Mit folgendem Prüfauftrag kommt die SPD-Fraktion dem Antrag nach,
der für den Jugendhilfeausschuss am 10. Mai gestellt wurde:

Prüfauftrag:
Der Jugendhilfeausschuss fordert die Verwaltung auf zu überprüfen,
welche Angebote für „Früher Hilfen“ in Lünen vorhanden sind und ob
die Träger untereinander vernetzt sind, um Doppelungen zu vermeiden
und fehlende Angebote aufnehmen zu können.

Folgende Schritte sind dabei vorzunehmen:

- Die Angebote ausfindig zu machen, die die Lüner Träger diesbezüglich
anzubieten haben.

- Zu überprüfen, wo Doppelung sind und welche wichtigen Angebote fehlen.

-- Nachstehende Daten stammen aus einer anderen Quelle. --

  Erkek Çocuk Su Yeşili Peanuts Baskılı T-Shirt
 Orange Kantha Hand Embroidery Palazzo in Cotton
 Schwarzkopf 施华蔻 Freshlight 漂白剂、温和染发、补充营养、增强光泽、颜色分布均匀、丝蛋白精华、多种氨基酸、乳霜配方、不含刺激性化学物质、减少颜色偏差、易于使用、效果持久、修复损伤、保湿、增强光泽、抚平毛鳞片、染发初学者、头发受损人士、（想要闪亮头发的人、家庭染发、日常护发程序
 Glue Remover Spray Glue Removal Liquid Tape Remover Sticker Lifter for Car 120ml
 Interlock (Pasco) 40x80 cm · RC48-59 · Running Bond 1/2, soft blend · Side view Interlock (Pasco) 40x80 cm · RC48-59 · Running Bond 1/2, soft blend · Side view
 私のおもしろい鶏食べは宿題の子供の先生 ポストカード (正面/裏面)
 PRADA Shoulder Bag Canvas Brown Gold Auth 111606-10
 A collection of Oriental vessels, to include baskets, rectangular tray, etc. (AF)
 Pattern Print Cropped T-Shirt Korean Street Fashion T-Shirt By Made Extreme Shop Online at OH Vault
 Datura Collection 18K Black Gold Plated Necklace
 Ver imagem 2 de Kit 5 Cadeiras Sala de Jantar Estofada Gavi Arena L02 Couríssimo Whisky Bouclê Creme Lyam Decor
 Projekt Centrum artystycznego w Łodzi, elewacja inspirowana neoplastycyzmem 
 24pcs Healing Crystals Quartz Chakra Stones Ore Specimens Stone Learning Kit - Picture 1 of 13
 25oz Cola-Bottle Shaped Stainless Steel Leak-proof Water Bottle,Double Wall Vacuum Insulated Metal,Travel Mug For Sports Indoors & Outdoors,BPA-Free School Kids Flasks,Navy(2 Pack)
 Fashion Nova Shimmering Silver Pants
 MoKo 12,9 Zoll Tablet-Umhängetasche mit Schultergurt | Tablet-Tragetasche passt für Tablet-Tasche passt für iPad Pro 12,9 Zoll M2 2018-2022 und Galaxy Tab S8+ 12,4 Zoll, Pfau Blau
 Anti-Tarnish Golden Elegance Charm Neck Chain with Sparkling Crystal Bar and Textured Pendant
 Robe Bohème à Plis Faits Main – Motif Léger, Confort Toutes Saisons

- Anhand des Ergebnisses ein Gesamtkonzept zu entwerfen, in dem
verschiedene Hilfen ineinandergreifen und sich aufeinander aufbauend ergänzen.
Dabei sind Kooperationsformen der Hilfesysteme Gesundheitshilfe und Kinder- und Jugendhilfe zu berücksichtigen.

Begründung:

Die Bedeutsamkeit von frühzeitigen Hilfen für Schwangere, werdende Väter und Eltern mit Kleinkindern ist an einer Vielzahl von bundesweiten Projekten zu erkennen. Eine immer größere Rolle spielt die Balance zwischen Intervention und Prävention der Jugendhilfe. Das Alter der Adressaten hat sich verschoben und die Kinder- und Jugendhilfe ist somit aufgefordert, frühen Risiken für Kinder präventiv zu begegnen. Die in § 1 SGB VIII formulierten Ziele der Kinder- und Jugendhilfe, die Entwicklung junger Menschen zu fördern, Eltern zu beraten und Kinder vor Gefahren für ihr Wohl zu schützen, war zu keiner Zeit sozialpädagogisch so auffallend auf „sehr junge Menschen“, nämlich auf Säuglinge und auf werdende Eltern, fokussiert, wie in den vergangenen Jahren. Insbesondere Säuglinge und Kleinkinder sind darauf angewiesen, das deren Eltern ihrer Fürsorgepflicht nachkommen. Kommen bei Eltern erschwerte Lebensbedingungen hinzu, geraten die Kinder schnell aus dem Blick und stellen eine zusätzliche Quelle der Belastung
dar. In solchen Situationen kann das Kindeswohl gefährdet sein, wenn Eltern keine Möglichkeiten der Entlastung erfahren. Deshalb ist es wichtig, dieser Verantwortung gerecht zu werden und als Kommune vorbeugend zu reagieren und zu agieren. Hier setzen multiprofessionelle Angebote an, die Eltern rechtzeitig zu unterstützen.